Entity codes

On this page

A code is a way to instruct CluedIn to know what a completely unique reference to a clue is. If two clues have identical codes, they will be merged during processing.

Example

Let’s explore the concept of codes in CluedIn through an example. We have a golden record—John Smith—that originates from the HR system. One of the codes for this golden record is created using the ID. Now, a new record from the CRM system appears in CluedIn, and one of its codes matches the code of the golden record from the HR system. As a result, the new CRM record is merged with the existing HR record, integrating any new properties from the CRM record into the existing golden record.

codes-merge-1.gif

To find all the codes that uniquely represent a golden record in the system, go to the golden record page, and select View Codes.

codes-1.gif

The codes are divided into two sections:

  • Origin code – also referred to as the entity origin code. This is the primary unique identifier of a golden record in CluedIn.

  • Codes – also referred to as entity codes. This section contains all codes associated with a golden record.

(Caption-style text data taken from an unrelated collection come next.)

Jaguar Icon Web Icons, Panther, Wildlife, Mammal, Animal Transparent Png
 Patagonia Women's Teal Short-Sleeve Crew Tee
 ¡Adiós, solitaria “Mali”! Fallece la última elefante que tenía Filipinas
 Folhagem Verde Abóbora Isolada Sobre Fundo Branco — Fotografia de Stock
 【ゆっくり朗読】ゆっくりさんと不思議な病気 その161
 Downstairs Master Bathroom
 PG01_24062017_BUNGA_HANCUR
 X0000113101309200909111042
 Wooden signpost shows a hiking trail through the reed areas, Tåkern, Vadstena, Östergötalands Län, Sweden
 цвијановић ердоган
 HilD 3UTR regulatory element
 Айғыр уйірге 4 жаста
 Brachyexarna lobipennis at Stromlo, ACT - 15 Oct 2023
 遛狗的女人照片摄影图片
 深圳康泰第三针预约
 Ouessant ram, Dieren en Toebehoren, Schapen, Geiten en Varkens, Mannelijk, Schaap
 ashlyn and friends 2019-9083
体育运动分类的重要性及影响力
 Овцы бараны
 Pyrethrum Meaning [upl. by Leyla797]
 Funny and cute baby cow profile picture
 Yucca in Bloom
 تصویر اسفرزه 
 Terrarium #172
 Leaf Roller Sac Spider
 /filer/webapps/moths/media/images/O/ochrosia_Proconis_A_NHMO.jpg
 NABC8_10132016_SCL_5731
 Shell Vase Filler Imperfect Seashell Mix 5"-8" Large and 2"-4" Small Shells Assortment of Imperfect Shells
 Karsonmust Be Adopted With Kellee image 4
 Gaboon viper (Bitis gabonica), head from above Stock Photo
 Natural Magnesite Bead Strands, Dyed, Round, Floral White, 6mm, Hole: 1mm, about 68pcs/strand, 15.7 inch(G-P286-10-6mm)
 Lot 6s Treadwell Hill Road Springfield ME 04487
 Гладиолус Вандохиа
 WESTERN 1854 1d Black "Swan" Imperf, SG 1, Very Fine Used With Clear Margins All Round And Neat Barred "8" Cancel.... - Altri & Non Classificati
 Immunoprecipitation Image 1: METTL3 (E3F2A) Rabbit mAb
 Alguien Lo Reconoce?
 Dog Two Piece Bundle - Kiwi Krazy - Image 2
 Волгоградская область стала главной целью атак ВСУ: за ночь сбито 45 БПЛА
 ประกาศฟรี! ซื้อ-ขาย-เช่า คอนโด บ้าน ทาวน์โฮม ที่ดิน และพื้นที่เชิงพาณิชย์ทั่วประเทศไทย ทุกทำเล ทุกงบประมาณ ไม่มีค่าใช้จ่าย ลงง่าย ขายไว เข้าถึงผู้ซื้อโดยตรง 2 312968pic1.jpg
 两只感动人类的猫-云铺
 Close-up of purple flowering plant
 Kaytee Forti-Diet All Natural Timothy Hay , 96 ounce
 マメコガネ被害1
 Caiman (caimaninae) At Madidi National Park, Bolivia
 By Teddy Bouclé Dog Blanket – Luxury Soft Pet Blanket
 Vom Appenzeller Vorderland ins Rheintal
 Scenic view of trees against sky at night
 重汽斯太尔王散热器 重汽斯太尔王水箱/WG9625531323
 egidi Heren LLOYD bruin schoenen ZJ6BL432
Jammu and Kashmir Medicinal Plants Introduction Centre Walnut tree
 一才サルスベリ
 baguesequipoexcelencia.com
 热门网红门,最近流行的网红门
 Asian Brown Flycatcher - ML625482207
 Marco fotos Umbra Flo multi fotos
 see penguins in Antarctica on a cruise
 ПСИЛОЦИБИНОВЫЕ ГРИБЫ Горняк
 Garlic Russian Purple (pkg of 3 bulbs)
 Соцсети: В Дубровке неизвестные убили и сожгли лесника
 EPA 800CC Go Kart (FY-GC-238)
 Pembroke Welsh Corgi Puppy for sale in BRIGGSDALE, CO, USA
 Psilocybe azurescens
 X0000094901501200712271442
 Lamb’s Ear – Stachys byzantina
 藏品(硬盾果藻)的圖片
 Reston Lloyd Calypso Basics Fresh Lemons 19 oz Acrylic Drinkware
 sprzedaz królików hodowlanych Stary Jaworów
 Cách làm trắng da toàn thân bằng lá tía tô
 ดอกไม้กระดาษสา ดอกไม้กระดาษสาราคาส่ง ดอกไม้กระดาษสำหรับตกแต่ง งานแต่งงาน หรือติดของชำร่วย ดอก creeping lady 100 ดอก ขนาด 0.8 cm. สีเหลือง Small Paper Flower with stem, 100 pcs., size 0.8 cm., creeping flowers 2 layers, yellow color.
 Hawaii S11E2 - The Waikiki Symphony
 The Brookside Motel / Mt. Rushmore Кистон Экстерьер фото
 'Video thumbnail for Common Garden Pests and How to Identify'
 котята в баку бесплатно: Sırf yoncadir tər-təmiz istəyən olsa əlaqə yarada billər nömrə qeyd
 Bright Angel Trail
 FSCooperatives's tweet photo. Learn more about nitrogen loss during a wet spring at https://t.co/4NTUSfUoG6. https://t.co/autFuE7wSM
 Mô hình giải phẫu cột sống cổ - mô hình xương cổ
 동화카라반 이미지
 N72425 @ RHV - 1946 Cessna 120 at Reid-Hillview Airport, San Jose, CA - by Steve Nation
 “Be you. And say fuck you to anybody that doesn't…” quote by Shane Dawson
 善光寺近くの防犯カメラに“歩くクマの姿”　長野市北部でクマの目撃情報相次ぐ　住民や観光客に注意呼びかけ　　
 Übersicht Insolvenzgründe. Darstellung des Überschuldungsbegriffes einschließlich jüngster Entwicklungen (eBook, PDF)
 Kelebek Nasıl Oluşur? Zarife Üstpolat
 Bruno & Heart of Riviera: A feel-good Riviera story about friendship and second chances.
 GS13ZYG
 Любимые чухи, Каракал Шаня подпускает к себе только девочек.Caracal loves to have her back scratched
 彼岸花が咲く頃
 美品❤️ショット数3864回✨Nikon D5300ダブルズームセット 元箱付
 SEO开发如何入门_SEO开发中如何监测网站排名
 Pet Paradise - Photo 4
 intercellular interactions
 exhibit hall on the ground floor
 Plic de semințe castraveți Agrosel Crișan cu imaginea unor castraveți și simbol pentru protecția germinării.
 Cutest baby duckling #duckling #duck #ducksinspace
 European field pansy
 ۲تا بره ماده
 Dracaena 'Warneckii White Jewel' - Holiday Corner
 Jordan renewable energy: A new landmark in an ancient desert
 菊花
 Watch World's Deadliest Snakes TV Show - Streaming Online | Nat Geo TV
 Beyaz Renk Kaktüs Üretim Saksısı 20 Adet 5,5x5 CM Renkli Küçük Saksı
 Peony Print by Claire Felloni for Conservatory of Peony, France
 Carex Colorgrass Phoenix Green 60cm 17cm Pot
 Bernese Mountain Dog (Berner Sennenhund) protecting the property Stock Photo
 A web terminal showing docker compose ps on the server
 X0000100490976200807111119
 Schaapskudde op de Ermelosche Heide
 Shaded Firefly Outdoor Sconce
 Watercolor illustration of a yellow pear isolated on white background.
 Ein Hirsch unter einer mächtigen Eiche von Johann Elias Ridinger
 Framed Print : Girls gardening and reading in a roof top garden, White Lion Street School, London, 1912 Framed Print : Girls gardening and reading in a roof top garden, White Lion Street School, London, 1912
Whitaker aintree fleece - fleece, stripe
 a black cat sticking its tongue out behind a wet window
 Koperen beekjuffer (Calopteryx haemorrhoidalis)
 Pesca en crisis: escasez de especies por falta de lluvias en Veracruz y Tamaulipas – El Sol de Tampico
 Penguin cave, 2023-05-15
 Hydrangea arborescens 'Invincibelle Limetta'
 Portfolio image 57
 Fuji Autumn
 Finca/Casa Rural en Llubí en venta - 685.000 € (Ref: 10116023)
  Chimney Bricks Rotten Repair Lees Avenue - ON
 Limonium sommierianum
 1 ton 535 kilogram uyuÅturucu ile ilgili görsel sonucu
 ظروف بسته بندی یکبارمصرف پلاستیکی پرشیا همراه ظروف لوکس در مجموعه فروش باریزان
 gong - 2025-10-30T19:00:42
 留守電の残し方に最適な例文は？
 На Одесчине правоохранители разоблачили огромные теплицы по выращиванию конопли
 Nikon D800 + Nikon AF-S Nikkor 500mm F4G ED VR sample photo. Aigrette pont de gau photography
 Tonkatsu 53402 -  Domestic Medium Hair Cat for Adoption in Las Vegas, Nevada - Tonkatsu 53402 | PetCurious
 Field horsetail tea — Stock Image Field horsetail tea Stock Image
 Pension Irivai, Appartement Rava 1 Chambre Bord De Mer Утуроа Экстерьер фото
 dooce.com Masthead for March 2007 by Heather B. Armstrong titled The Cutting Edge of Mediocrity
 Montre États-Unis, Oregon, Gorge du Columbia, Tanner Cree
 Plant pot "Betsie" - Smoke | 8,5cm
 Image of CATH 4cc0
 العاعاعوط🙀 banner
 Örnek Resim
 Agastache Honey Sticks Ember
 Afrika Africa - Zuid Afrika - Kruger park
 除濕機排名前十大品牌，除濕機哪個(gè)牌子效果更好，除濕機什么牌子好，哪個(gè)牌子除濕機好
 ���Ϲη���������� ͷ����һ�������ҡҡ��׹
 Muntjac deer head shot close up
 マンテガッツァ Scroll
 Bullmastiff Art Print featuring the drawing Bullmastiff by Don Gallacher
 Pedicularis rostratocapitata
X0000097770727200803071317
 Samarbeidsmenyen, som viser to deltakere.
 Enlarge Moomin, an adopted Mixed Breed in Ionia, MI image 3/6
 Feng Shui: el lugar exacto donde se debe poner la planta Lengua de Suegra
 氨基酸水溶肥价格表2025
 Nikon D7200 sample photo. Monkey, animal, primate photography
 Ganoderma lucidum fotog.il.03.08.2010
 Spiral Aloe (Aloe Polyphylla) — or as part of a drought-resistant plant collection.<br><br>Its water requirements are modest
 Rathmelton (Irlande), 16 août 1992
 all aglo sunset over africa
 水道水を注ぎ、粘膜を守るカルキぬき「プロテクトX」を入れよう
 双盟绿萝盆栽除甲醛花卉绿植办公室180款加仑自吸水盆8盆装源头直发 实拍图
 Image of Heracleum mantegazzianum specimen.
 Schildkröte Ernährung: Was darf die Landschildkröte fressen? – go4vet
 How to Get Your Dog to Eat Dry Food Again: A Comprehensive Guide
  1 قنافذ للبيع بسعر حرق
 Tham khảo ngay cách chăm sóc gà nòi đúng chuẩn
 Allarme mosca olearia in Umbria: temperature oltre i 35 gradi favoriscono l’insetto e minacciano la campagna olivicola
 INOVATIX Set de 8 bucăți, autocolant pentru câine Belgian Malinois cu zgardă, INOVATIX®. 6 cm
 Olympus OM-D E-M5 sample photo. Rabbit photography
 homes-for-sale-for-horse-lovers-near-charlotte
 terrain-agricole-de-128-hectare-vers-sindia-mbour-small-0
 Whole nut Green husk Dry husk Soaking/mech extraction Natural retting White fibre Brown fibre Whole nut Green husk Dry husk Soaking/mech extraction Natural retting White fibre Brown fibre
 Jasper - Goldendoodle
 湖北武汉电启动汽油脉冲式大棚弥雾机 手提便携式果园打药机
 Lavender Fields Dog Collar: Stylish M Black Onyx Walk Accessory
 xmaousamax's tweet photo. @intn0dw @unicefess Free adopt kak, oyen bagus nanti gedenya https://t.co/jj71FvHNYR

For more information, see the Codes section in our Review mapping article.

Entity origin code

An entity origin code is a primary unique identifier of a record in CluedIn. The required details for producing the entity origin code are established when the mapping for a data set is created. To find these details, go to the Map tab of the data set and select Edit mapping. On the Map entity tab, you’ll find the Entity Origin section, which contains the required details for producing the entity origin code.

codes-2.png

The entity origin code is made up from the entity type (1), origin (2), and the value from the column that was selected for producing the entity origin code (3). This combination allows achieving absolute uniqueness across any data source that you interact with.

codes-3.png

Entity codes

An entity code is an additional identifier that uniquely represents a record in CluedIn. The required details for producing the entity codes are established when the mapping for a data set is created. To find these details, go to the Map tab of the data set and select Edit mapping. On the Map entity tab, you’ll find the Codes section, which contains the required details for producing the entity codes.

codes-4.png

If a data set contains additional columns that can serve as unique identifiers besides the ones used for producing the entity origin code, then these columns can also be used to produce entity codes. For example, if the entity origin code is produced using the ID, then the entity code could be produced using the email. The entity codes are made up from the entity type, origin, and the value from the column that was selected for producing the entity codes.

In the Entity Codes section, you can instruct CluedIn to produce additional codes:

  • Provider name codes – codes that are built form the entity type, provider name (for example, File Data Source), and the value from the column that was selected for producing the entity origin code.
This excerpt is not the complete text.